AMNOW 3D Printed Hardware Being Flight-Tested by Army

The National Center for Defense Manufacturing and Machining (NCDMM) runs the multi-phased AMNOW Program, which is funded by the U.S. Army CCDC Aviation & Missile Center and is working to create a path for adopting additive manufacturing by inserting the technology into the supply chain to increase readiness. In addition to NCDMM, the program team is made up of The Barnes Global Advisors, Youngstown Business Incubator, Catalyst Connection, LECS Energy, Quotient, Advanced Engineering Solutions, GCA Coach, and the University of Alabama-Huntsville. It’s now been announced that two 3D printed cargo links, manufactured under the program, have been installed on two operational MH-47G aircraft at Fort Campbell, KY in support of an extended flight test program.

The cargo links, which were 3D printed from a high-strength aluminum alloy 7A77, represent the first metallic 3D printed aircraft parts developed by the Army to actually fly on Army aircraft. Team members AMNOW and the United States Army Combat Capabilities Development Command (DEVCOM) Aviation & Missile Center (AvMC) got plenty of help with these components from important team suppliers, including HRL of Malibu, California, which treated and supplied the 7A77 powder, and Knoxville, Tennessee’s Beehive Industries, which actually 3D printed the cargo links. Penn United Technologies in Cabot, Pennsylvania offered machining and finishing services, while Product Evaluation Systems in Latrobe, Pennsylvania took care of material testing. Finally, radiographic inspection was completed by Pinnacle Industrial X-ray Laboratory in Suwanee, Georgia.

Copprint Announces Major Copper Inks Order

Israeli AM nanotechnology company Copprint, which develops conductive nano copper inks for additive copper printing, has announced its first 7-figure, multi-ton order from an unnamed Fortune 500 company. The company’s fast, self-sintering inks make it possible to create environmentally friendly, highly conductive, low-cost, 3D printed electronics that can be embedded everywhere. According to Copprint founder and CEO Ofer Shochet, the order covers a 12-month supply that will be used in the customer’s production line, “with projected 10x growth in 2-3 years.”

“The software world uses the term ARR for annual recurring revenues. The materials/chemicals world should also be looking at ARR, given manufacturers’ conservative rate of change in specialty materials in production,” Shochet continued.

“Innovation in the materials world requires great patience. Achieving significant ARR takes years due to testing and approval cycles.
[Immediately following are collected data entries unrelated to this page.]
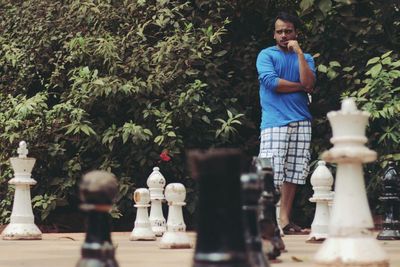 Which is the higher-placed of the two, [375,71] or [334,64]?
[334,64]

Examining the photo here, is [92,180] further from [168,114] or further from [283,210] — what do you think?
[168,114]

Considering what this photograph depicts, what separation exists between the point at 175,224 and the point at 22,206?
1.91 meters

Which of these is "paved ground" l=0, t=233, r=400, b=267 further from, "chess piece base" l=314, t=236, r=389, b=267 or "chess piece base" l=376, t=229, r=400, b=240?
"chess piece base" l=314, t=236, r=389, b=267

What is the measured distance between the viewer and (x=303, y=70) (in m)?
6.34

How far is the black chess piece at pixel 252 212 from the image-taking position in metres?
2.39

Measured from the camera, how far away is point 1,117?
9.05 m

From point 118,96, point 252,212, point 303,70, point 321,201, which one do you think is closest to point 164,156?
point 118,96

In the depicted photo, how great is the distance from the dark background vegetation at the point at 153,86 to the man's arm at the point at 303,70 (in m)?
1.87

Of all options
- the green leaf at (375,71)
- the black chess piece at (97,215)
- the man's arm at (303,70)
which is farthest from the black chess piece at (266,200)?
the green leaf at (375,71)

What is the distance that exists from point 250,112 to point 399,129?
5.65 feet

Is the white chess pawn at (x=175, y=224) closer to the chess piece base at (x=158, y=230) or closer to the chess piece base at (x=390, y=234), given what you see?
the chess piece base at (x=390, y=234)

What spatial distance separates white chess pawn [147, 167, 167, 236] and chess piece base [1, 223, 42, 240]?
0.89 m

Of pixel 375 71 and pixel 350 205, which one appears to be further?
pixel 375 71

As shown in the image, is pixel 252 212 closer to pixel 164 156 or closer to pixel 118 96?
pixel 164 156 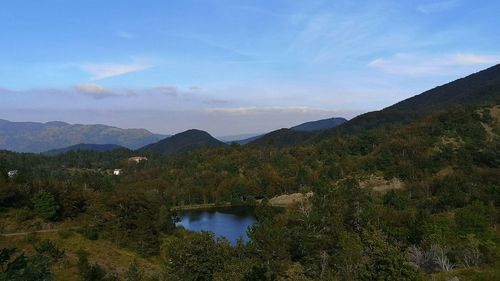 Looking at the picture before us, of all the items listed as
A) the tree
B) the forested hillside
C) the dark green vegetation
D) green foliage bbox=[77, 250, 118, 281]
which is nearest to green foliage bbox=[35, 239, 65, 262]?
the dark green vegetation

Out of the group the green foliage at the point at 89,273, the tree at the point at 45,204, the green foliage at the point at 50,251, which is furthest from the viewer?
the tree at the point at 45,204

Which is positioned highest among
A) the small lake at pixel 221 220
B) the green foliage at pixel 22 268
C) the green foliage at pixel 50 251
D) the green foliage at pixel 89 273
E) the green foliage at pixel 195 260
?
the green foliage at pixel 22 268

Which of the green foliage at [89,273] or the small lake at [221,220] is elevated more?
the green foliage at [89,273]

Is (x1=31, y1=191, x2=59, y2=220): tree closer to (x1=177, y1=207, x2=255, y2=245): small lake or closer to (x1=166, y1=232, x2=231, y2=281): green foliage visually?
(x1=177, y1=207, x2=255, y2=245): small lake

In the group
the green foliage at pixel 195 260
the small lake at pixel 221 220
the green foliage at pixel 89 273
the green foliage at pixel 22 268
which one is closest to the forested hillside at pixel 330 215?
the green foliage at pixel 195 260

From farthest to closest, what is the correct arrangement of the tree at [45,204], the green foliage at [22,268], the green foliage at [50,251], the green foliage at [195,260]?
the tree at [45,204]
the green foliage at [50,251]
the green foliage at [195,260]
the green foliage at [22,268]

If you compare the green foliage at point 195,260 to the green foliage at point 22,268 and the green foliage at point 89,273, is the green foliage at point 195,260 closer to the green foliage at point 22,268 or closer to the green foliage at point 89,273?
the green foliage at point 89,273

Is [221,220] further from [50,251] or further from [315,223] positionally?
[50,251] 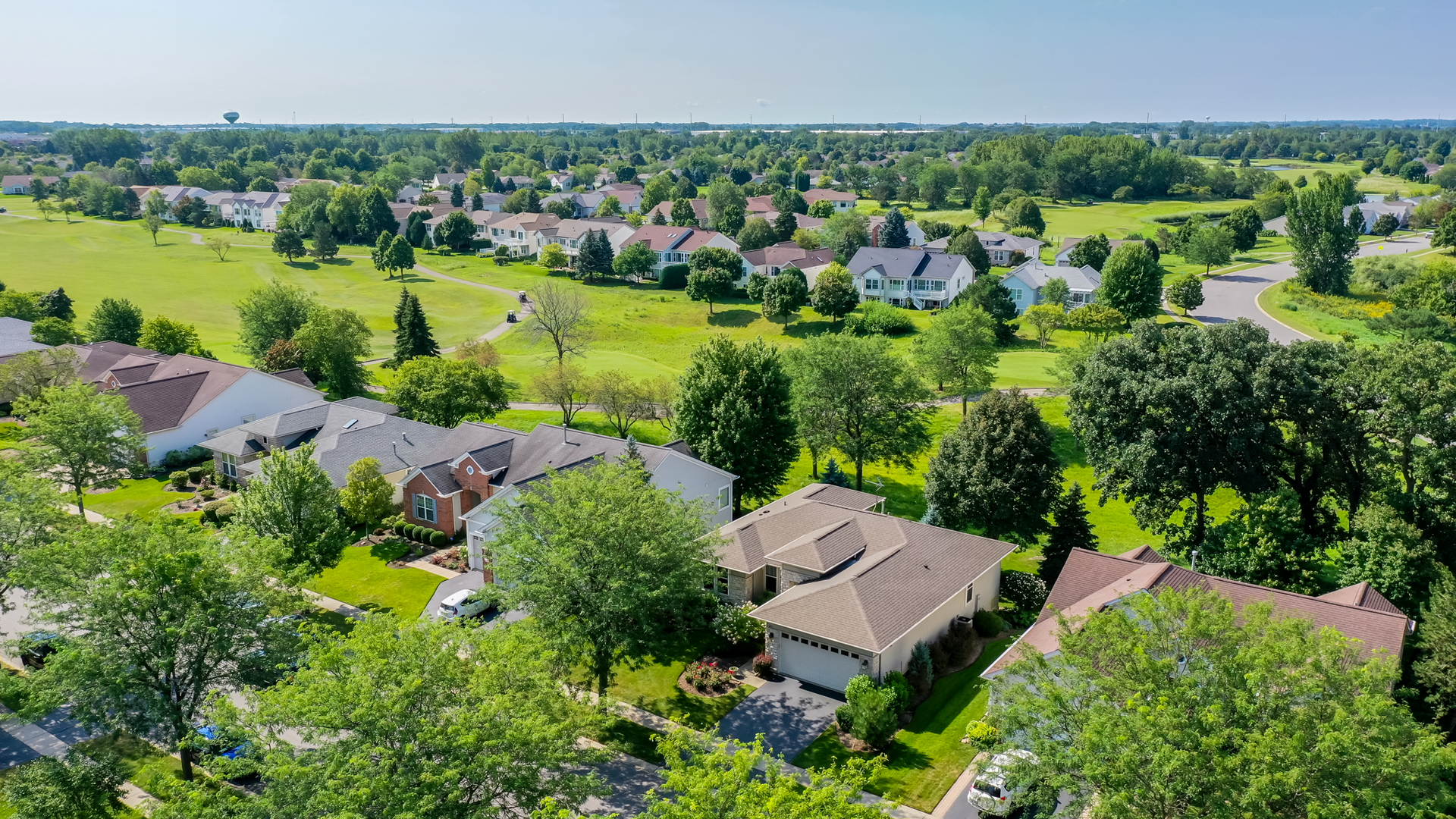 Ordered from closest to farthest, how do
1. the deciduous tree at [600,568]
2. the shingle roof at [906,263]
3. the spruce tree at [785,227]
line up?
1. the deciduous tree at [600,568]
2. the shingle roof at [906,263]
3. the spruce tree at [785,227]

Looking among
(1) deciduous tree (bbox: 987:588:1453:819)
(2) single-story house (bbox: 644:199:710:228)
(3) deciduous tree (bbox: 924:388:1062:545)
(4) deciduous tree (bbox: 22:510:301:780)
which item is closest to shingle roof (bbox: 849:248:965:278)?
(2) single-story house (bbox: 644:199:710:228)

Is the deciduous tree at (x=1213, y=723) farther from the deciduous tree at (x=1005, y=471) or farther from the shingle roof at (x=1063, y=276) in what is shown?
the shingle roof at (x=1063, y=276)

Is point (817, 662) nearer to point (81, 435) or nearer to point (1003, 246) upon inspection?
point (81, 435)

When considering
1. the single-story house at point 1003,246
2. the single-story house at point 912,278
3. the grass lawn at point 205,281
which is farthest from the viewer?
the single-story house at point 1003,246

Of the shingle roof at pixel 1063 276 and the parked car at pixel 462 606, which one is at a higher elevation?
the shingle roof at pixel 1063 276

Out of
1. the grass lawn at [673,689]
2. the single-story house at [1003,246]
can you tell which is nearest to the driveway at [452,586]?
the grass lawn at [673,689]

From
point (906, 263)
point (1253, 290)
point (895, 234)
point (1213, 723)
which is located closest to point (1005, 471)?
point (1213, 723)

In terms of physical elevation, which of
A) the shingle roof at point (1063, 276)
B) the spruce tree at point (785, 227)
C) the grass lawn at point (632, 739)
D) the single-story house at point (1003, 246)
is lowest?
the grass lawn at point (632, 739) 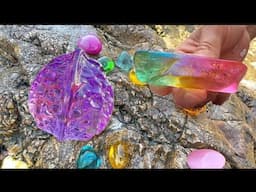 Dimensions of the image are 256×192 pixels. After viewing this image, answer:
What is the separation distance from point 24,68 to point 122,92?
320 mm

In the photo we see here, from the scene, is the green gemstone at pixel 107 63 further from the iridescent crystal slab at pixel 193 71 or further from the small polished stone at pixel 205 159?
the small polished stone at pixel 205 159

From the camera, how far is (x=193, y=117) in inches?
53.4

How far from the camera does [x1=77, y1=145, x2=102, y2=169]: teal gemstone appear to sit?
1.22 m

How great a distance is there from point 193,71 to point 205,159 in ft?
0.82

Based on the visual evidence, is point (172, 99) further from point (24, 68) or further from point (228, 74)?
point (24, 68)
We are proud to have achieved significant ARR.”

3DEO Adds Early-Stage DfAM to Core Services

High-volume metal 3D printing company 3DEO announced that it’s added early-stage Design for Additive Manufacturing, or DfAM, to its core services in order to offer better support throughout the product lifecycle. The company claims to be one of the only end-to-end design and manufacturing services that uses its own patented technology and automated platform to create consistently high-quality parts. The addition of DfAM to its core services will give 3DEO an even greater advantage in solving the needs of its customers, no matter their industry, and reach the goal of production at scale.
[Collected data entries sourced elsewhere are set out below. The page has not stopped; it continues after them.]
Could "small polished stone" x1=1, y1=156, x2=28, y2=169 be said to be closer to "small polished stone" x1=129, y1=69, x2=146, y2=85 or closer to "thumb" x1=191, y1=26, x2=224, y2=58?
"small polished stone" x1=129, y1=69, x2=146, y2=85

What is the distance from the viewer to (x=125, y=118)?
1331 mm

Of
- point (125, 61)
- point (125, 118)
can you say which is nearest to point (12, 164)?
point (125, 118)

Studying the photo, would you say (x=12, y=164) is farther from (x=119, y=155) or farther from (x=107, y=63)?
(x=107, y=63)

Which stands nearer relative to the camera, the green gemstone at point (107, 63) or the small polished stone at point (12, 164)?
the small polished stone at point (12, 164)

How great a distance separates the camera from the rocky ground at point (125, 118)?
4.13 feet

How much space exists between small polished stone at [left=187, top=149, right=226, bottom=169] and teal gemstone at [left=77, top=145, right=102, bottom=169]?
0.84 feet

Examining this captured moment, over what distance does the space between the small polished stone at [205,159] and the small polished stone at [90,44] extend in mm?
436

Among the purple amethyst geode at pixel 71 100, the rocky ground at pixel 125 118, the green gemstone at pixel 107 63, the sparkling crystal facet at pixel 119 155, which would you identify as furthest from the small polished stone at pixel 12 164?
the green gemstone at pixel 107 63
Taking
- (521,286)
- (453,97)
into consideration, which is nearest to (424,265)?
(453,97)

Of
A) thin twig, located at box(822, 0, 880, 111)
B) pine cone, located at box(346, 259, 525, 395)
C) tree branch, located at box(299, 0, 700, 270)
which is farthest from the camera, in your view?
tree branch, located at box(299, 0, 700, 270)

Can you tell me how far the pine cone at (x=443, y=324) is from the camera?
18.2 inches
“3DEO is a company built on the pillars of innovation – by innovators and for innovators. This evolution in service offerings positions us as a premier, highly differentiated partner. We are unique not only because of the services we offer, but because our 3D printing platform is built with patented, proprietary technology. As a result, we have the ability to customize our technology platform to help our customers solve their hardest engineering challenges,” said Matt Sand, President and Co-Founder of 3DEO.

“We take a lot of pride in being a partnership-driven organization that works in concert with our customers to overcome difficult engineering problems. So adding design and engineering services seemed only natural to answer the call of our customers that need expertise in designing for additive manufacturing to gain a competitive advantage with innovative designs and breakthrough products.”

Caracol AM 3D Prints Giant Sculpture for Yamamay’s Global HQ

Italian company Yamamay, which specializes in producing and distributing beachwear, underwear, lingerie, and sleepwear products, is a fan of both innovative design and more sustainable manufacturing. So when the company wanted to freshen up its global headquarters, it called on fellow Italian firm Caracol AM to create and install a giant “Y” sculpture in front of the building in Gallarate, near Milan. The robotic LFAM company used 170 kg of 100% recycled polypropylene (PP) and a 3D printed concrete formwork to build the 2.7 meter wide, 4 meter tall structure, which it believes to be the world’s largest 3D printed logo. It took 200 hours and several months of work by multiple designers to create the 170 kg “Y” structure, which sits atop a concrete plinth made from a special 3D printed formwork that weights 1500 kg. A two-component protective paint was used to give the sculpture greater resistance to color changes and chemical agents.

“The collaboration between Caracol and Yamamay represents a virtuous example of dialogue between startups and corporate in our country, and symbolizes how the use of innovative technologies, typically of industrial derivation, they can also be used in the service of sectors such as art and architecture, close to the general public, and therefore important communication tools to transfer the values of sustainability and efficiency typical of these new manufacturing tools,” said Giovanni Avallone, Co-Founder and Chief Innovation Officer of Caracol AM.

High School Students Built 3D Printed Infinite City

Tri-County Upward Bound students built a 3D printed infinity city. Image courtesy of Blue Tinsley.

Finally, Tri-County Upward Bound is a federally funded program in Tennessee that assists economically disadvantaged high school students in preparing for post-secondary education. One activity the free program offers is a six-week residential experience at Austin Peay State University, where the students live in dorms and take classes in math, lab science, literature, and writing. This year, thanks to a grant from the Tennessee Higher Education Commission, some of them also took a 3D printing class, and not only earned two certificates, but also teamed up to create a block of LED-illuminated buildings inside a mirrored box called an infinite city, using a belt 3D printer. The university purchased 3D printers for the class, which will later be donated to the participating school systems; the schools will also be provided with plenty of supplies, as well as a teacher training workshop. The students learned the basics of the technology during the first week of class, and by the end of the last week, presented their futuristic 3D printed city, after which they got to keep the buildings from the creative project. According to the participants, the program, and classes like the 3D printing one, definitely help prepare the students for college, but in a fun, creative way.

“I’m working on Doofenshmirtz Evil Incorporated (from the Disney show “Phineas and Ferb), and it’s kind of challenging because the building is sloped on three of the four sides, and you have to get the lines going down these sides. It’s challenging, but it’s fun,” said Tri-County Upward Bound participant Bo Hall, an incoming senior at Cheatham County Central High School.